This is the mail archive of the
elfutils-devel@sourceware.org
mailing list for the elfutils project.
Re: dwarf_output overview
- From: Mark Wielaard <mjw at redhat dot com>
- To: elfutils-devel at lists dot fedorahosted dot org
- Date: Wed, 11 Aug 2010 19:48:30 +0200
- Subject: Re: dwarf_output overview
On Fri, 2010-08-06 at 15:21 -0700, Roland McGrath wrote:
> So the way I've formulated it is with these definitions:
>
> * trees are equal if their tags, attributes, and children lists are equal
> * tags are integers, equality is integer equality
> * children lists are equal if the same length and respective child trees equal
> * attributes are equal if the same name/value pairs and equal values
> * non-reference attribute values are "simple" types, equality is
> type-appropriate. (Later, it may have strict/non-strict variants of
> equality, for things like an exprloc vs a constant for
> data_member_location location. The point being there are more details
> here in practice, but there is no more algorithmic complexity to be
> thinking about now.)
> * reference attribute values are equal if their referent DIEs are equal
> trees in equal-enough contexts
> * what goes into "context" and "equal-enough" is fungible and intended to
> be tuned by practical experience with real data later in the project.
> To begin with:
> * context of a DIE means its parent DIE's tag, non-reference attributes,
> and context (hence iterate up to compile_unit level, which is not part of
> the context). (From prior discussions here, we will probably refine the
> terminal context to include a small subset of compile_unit attributes.
> For now, the simple definition stands.)
>
> Hence, referent context is part of reference equality, but a tree's own
> context is not part of tree equality.
So from your earlier examples, and this definition, we know that having
two DIEs, A and B, that have an attribute X that refers to some other
DIE can only equal if the DIEs pointed to by A->X and B->X, lets call
them DIE Y and Z, are equal AND have equal[-enough] contexts.
But nothing prevents us from marking Y and Z itself equal.
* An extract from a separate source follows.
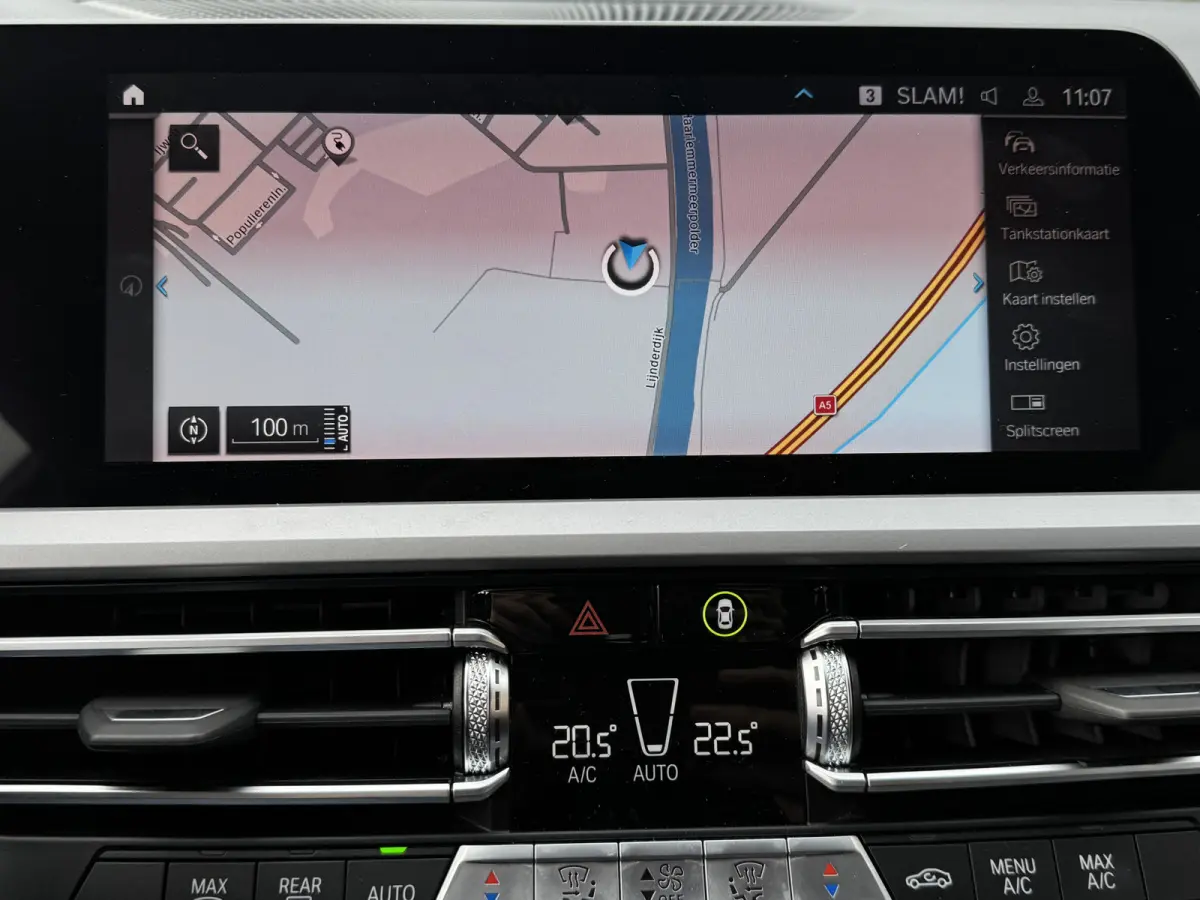 320e HYBRID AUT. BUSINESS SPORT LEDER/CAMERA/CARPLAY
So, lets
assume they are, and we replace them with an imported_unit DIE. How do
we deal with A->X and B->X pointing to Y and Z? I assume they now point
to the imported_unit DIEs themselves so that any "logical" DIE tree will
still be the same.
But what if any other DIE might have an attribute pointing deeper into Y
or Z itself? Where would these attributes point to? If we make point
them somewhere into the partial_unit that replaced Y and Z then a
consumer doesn't know the context anymore.
Am I missing something, or is this a situation that cannot occur?